Site-specific mutagenesis. Point mutations were introduced into plasmid pSCLBH by PCR as described previously (29). Sequences of all primers used are available upon request.

Construction of strains. An E. coli mutant with an acrB deletion, AG100YB (Table 1), was generated by a method involving the introduction of a linear homologous DNA fragment, often called "recombineering" (25), but the red genes expressed from the pKD46 plasmid of Datsenko and Wanner was used (6). In this manner, no extraneous FLP recognition target sequences were introduced into the genome of the resulting strain. AG100 cultures containing the heat-labile plasmid pKD46 (6) were grown at 30°C, induced with 1 mM L-arabinose to express the red genes on the plasmid, and made competent for electroporation.

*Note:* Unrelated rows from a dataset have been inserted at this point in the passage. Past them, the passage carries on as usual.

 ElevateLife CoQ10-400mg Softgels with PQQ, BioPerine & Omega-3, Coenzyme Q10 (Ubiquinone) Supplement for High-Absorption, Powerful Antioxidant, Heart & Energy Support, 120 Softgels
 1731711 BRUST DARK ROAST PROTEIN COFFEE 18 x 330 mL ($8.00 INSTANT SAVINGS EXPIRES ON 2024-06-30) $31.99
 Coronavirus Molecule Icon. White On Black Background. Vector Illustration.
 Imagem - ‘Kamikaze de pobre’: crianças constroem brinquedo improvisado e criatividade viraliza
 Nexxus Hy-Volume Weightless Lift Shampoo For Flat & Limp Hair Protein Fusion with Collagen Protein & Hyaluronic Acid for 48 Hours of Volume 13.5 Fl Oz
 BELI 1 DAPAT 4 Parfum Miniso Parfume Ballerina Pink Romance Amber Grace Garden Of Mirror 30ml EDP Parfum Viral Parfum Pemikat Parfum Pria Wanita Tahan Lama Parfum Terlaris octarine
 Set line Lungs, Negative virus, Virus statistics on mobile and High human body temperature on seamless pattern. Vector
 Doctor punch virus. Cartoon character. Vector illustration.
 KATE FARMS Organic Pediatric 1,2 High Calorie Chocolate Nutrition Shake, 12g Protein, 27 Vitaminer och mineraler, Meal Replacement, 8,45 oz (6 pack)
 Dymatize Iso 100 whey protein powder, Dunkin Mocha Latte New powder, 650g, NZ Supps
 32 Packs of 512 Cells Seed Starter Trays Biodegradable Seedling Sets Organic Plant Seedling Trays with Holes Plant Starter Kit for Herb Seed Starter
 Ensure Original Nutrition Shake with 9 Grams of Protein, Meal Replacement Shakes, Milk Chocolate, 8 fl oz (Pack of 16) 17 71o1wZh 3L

A 5.0-kb portion of linear DNA containing acrB::Spc^r and the flanking regions was amplified by PCR from pUacrB::Spc^r, using primers K151AFw (5'-AGATCTCACTGAACAAATCC-3') and K151ARv (5'-CTGGATTACCGCCCACG-3'). Transformants were selected on LB agar containing spectinomycin (50 µg/ml) at 37°C and screened for the expected recombination by PCR.

For construction of AG100YBD (Table 1), the dsbA1::kan mutation of strain RI90 was transduced into AG100YB, using P1cml,clr100 phage according to the protocol described by Miller (16).

Drug susceptibility assays. E. coli HNCE1a (7), AG100YB, or AG100YBD cells harboring pSPORT1-derived plasmids were tested, without isopropyl-ß-D-thiogalactopyranoside (IPTG) induction, for drug susceptibility by the gradient plate method as described previously (4, 29). A linear concentration gradient of cholic acid (Sigma) was prepared in square LB agar plates containing 8,000, 10,000, and 16,000 or 18,000 µg/ml of cholic acid in the lower layer for HNCE1a, AG100YB, and AG100YBD, respectively. Mid-exponential-phase cultures were diluted to an optical density at 660 nm (OD₆₆₀) of 0.1 with LB broth supplemented with ampicillin (100 µg/ml) and streaked as a line across the plate, parallel to the drug gradient. Bacterial growth across the plates, from low to high drug concentrations, was measured after 24 h at 37°C. All mutants were assayed at least four times, using strains harboring wild-type cysteineless pSCLBH and the vector pSPORT1 as controls. The relative activity of each mutated AcrB protein was calculated as described previously (29), and the activities of controls with full efflux activity (pSCLBH) and no efflux activity (pSPORT1) were defined as 100 and 0%, respectively.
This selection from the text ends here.